Individuals assume distinct roles in different situations throughout their lives and people who consistently adopt particular roles develop specific commonalities in behavior. As a result, roles can be defined in terms of observable tendencies and behavioral patterns that can be manifest through a wide range of modalities during a conversational interaction. For instance, an interviewer is expected to use more interrogative words than the interviewee and a teacher is likely to speak in a more didactic style than the student.

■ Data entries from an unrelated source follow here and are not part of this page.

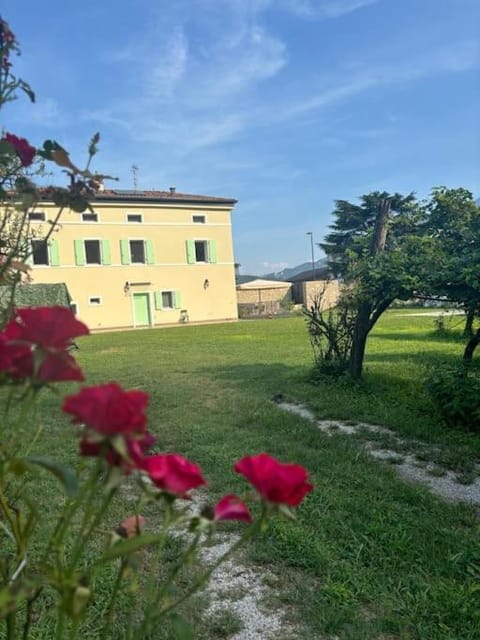 La Casa nella Vigna Apartment in Riva del Garda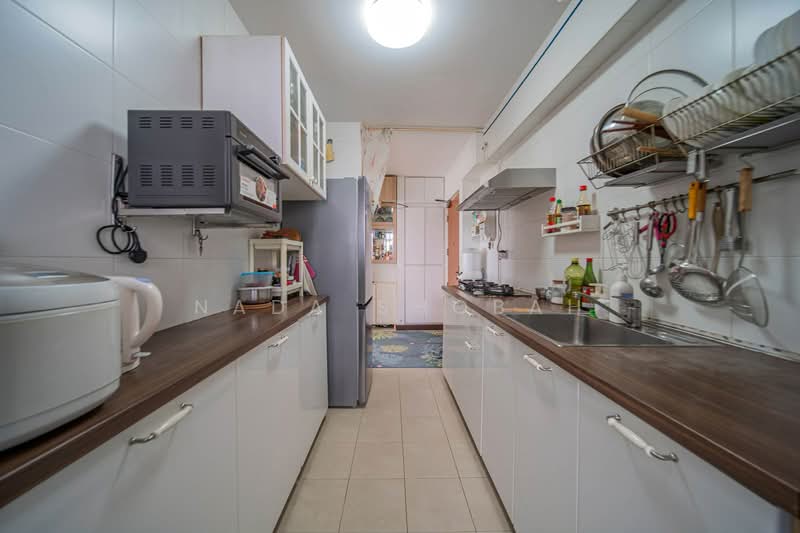180B Marsiling Road, 180B Marsiling Road, 2 Bedrooms, 753 sqft, HDB Flat For Sale, by Nada Shobah, 500172366 - Kitchen - PropertyGuru.com.sg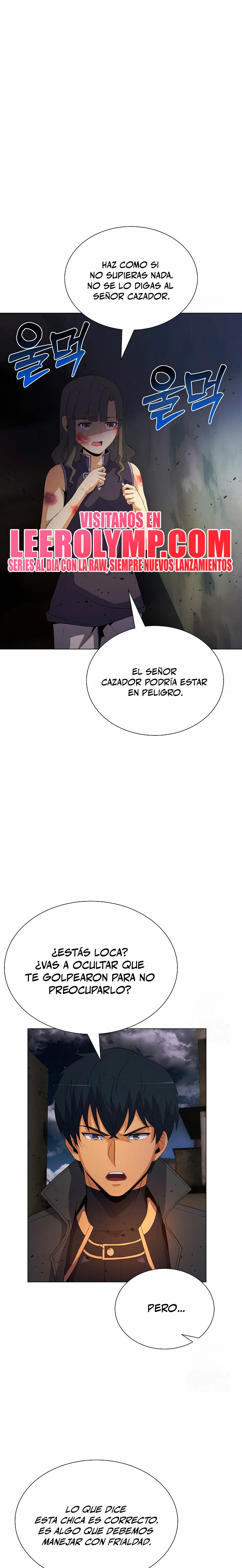 Cazador Carnívoro Capitulo 76 página 2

Examples of conversational interactions where speakers assume distinct roles.
Images from the Noun Project; creators: Nubaia Karim Barsha, Gan Khun Lay, Arafat Uddin, Llisole, ProSymbols

Speaker role recognition is the task of assigning a role label in a speech segment where a single speaker is active, through computational models that capture such behavioral characteristics. The approaches that tackle this problem depend on successful pre-processing steps applied on the recorded conversation, such as speaker segmentation and clustering or automatic speech recognition (ASR), something that inevitably leads to error propagation. At the same time, accurate role information can provide valuable contextual cues for the aforementioned speech processing tasks.

What I was trying to do in this research thread, which was the subject of my PhD dissertation, supervised by Professor Shrikanth Narayanan, is combine speaker role recognition with other speech processing modules, in order to i) alleviate the problem of error propagation and ii) improve the performance of the modules that role recognition is combined with. Since, in a real-world scenario, the role recognizer gets the textual information from an ASR system, here we propose building role-specific ASR outputs through lattice rescoring, exploiting the rich information in the generic decoding lattice before pruning it. In this paper we propose an end-to-end rich transcription system which performs simultaneously the tasks of ASR, diarization, and role recognition for the case of dyadic interactions. Here we combine a speaker role recognizer with a traditional agglomerative speaker clustering module, exploiting information from both the acoustic and linguistic modalities. Finally, those papers present a way to utilize in-domain information about speaker roles in order to improve the performance of a traditional speaker diarization system, answering the question ``which role spoke when”.